The prospect of cornering a Soviet intruder -- only the latest of many such suspected spy missions -- caused a sensation among Sweden's press and public in which the military was swept along. "Somehow we've got to quiet this down," one spokesman said privately this morning, and Steffenson's statements later in the day were plainly the result.
Visiting the scene of the search on Horsfjarden Bay, about 25 miles south of Stockholm, it is easy to understand the difficulties the Swedes are facing. Although the area is not especially large -- about 12 miles long and 2 1/2 miles wide -- it is big enough for a small craft to keep moving away from searchers.

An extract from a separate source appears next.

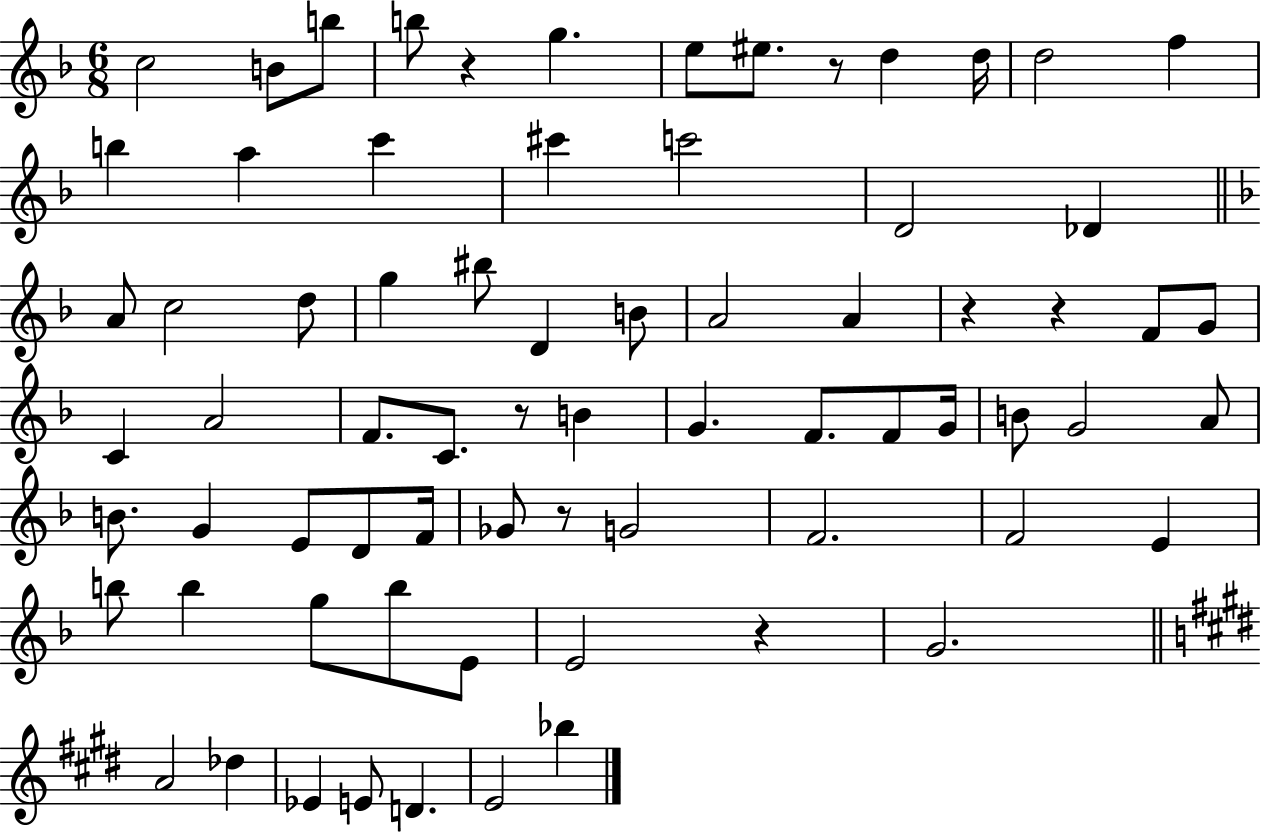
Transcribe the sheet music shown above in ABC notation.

Helicopters circling overhead, a fleet of coastal patrol boats, a frigate, Swedish submarines and divers apparently may be able to spot the vessel but are unable to move quickly enough to catch it. Unless the submarine can be surrounded or damaged enough with depth charges to make it surface, the hunt could go on for days, the admiral acknowledged.
If the intruder did escape today, the maneuver was accomplished in mid-afternoon. Steffenson said a contact was made in the "neighborhood" of one of the two barriers erected with nets, chains and other equipment. But he declined to say on which side the contact was made.
There apparently was another contact with a vessel later in the day, which could mean the escape attempt failed. Some military and diplomatic sources, who stress they do not know for certain, say it could also mean that the submarine in the restricted area is actually a decoy or an unmanned spy craft of some new type that is being directed by another larger submarine farther out to sea.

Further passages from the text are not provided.